**Try it:** When you return the data, keep each character exactly as it appears.
(Beginning of Listed records)
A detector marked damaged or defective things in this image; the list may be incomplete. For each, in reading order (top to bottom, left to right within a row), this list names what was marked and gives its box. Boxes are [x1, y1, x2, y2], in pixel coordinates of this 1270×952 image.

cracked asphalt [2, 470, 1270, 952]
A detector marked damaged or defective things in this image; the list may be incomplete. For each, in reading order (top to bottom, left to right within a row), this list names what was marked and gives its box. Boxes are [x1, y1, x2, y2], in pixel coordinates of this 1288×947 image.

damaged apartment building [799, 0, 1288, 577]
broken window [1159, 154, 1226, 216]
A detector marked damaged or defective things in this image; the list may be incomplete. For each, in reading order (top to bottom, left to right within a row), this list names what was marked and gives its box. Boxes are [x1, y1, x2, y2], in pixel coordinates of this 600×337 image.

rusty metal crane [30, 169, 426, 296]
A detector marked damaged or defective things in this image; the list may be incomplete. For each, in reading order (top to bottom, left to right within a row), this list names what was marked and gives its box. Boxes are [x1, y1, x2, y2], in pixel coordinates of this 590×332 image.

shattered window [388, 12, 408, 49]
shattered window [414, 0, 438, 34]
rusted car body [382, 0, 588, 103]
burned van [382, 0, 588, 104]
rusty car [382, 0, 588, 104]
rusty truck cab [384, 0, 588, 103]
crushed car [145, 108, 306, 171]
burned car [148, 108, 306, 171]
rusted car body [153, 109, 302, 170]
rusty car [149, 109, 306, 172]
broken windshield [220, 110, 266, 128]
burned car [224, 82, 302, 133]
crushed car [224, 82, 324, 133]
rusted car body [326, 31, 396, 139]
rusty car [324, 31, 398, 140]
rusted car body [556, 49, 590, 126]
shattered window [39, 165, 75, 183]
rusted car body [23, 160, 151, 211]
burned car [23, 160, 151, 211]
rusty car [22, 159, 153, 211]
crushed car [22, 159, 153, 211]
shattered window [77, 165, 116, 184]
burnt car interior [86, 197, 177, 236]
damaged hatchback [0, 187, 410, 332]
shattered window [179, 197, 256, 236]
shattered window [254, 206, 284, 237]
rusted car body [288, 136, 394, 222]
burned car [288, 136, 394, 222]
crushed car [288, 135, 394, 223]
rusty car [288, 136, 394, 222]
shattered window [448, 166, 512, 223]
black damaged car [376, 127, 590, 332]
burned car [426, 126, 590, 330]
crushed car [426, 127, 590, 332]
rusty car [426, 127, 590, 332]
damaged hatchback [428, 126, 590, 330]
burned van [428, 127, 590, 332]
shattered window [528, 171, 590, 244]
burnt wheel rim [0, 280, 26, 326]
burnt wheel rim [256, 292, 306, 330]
(End of Listed records)
**Solution for this exercise:**
A detector marked damaged or defective things in this image; the list may be incomplete. For each, in reading order (top to bottom, left to right within a row), this list names what was marked and gives its box. Boxes are [x1, y1, x2, y2], in pixel coordinates of this 1270×952 image.

cracked asphalt [2, 470, 1270, 952]
A detector marked damaged or defective things in this image; the list may be incomplete. For each, in reading order (top to bottom, left to right within a row), this list names what was marked and gives its box. Boxes are [x1, y1, x2, y2], in pixel coordinates of this 1288×947 image.

damaged apartment building [799, 0, 1288, 577]
broken window [1159, 154, 1226, 216]
A detector marked damaged or defective things in this image; the list may be incomplete. For each, in reading order (top to bottom, left to right within a row), this list names what was marked and gives its box. Boxes are [x1, y1, x2, y2], in pixel coordinates of this 600×337 image.

rusty metal crane [30, 169, 426, 296]
A detector marked damaged or defective things in this image; the list may be incomplete. For each, in reading order (top to bottom, left to right within a row), this list names what was marked and gives its box. Boxes are [x1, y1, x2, y2], in pixel coordinates of this 590×332 image.

shattered window [388, 12, 408, 49]
shattered window [414, 0, 438, 34]
rusted car body [382, 0, 588, 103]
burned van [382, 0, 588, 104]
rusty car [382, 0, 588, 104]
rusty truck cab [384, 0, 588, 103]
crushed car [145, 108, 306, 171]
burned car [148, 108, 306, 171]
rusted car body [153, 109, 302, 170]
rusty car [149, 109, 306, 172]
broken windshield [220, 110, 266, 128]
burned car [224, 82, 302, 133]
crushed car [224, 82, 324, 133]
rusted car body [326, 31, 396, 139]
rusty car [324, 31, 398, 140]
rusted car body [556, 49, 590, 126]
shattered window [39, 165, 75, 183]
rusted car body [23, 160, 151, 211]
burned car [23, 160, 151, 211]
rusty car [22, 159, 153, 211]
crushed car [22, 159, 153, 211]
shattered window [77, 165, 116, 184]
burnt car interior [86, 197, 177, 236]
damaged hatchback [0, 187, 410, 332]
shattered window [179, 197, 256, 236]
shattered window [254, 206, 284, 237]
rusted car body [288, 136, 394, 222]
burned car [288, 136, 394, 222]
crushed car [288, 135, 394, 223]
rusty car [288, 136, 394, 222]
shattered window [448, 166, 512, 223]
black damaged car [376, 127, 590, 332]
burned car [426, 126, 590, 330]
crushed car [426, 127, 590, 332]
rusty car [426, 127, 590, 332]
damaged hatchback [428, 126, 590, 330]
burned van [428, 127, 590, 332]
shattered window [528, 171, 590, 244]
burnt wheel rim [0, 280, 26, 326]
burnt wheel rim [256, 292, 306, 330]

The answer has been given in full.